=== DATA ===

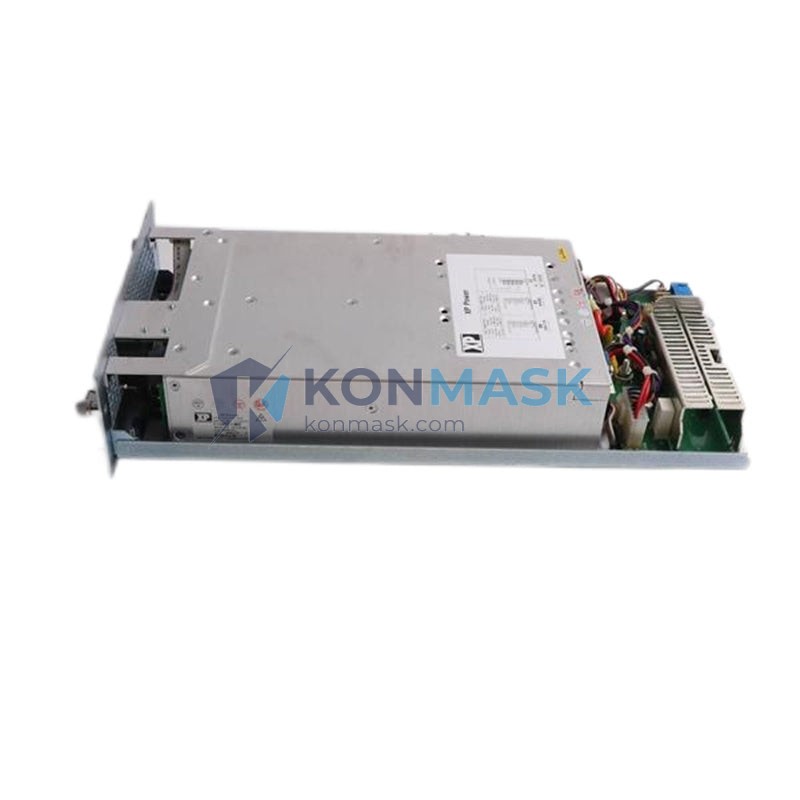 ABB DSMB151 57360001-K - Front Panel and Connectivity View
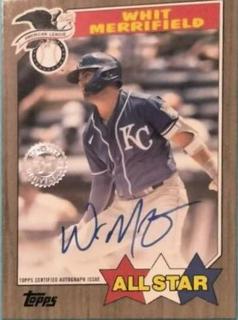 Whit Merrifield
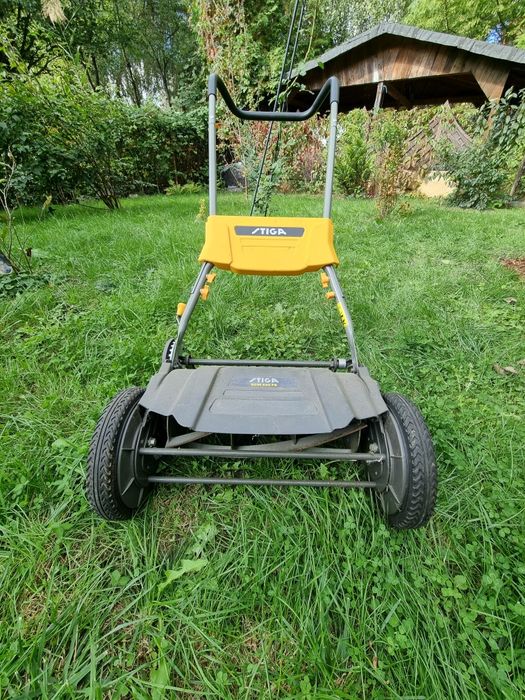 Kosiarka bębnowa Stiga SCM 440 FS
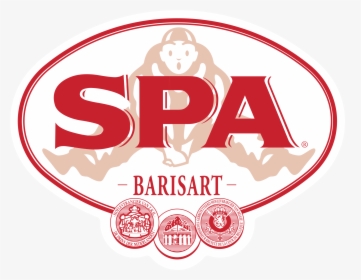 Spa Water Barisart Logo Png Transparent - Spa Water Logo, Png Download, Transparent PNG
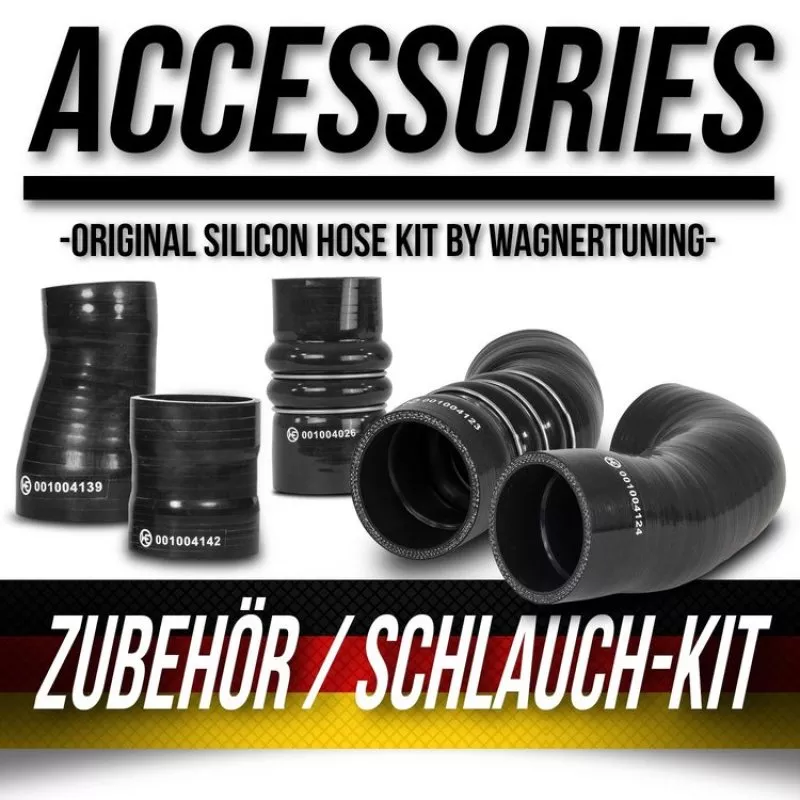 WGT Intercooler Hose Kit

===

* [YOUR ASSIGNMENT] Print every record above exactly as written, leaving out the pictures.

* [EXERCISE SOLUTION]
 ABB DSMB151 57360001-K - Front Panel and Connectivity View
 Whit Merrifield
 Kosiarka bębnowa Stiga SCM 440 FS
 Spa Water Barisart Logo Png Transparent - Spa Water Logo, Png Download, Transparent PNG
 WGT Intercooler Hose Kit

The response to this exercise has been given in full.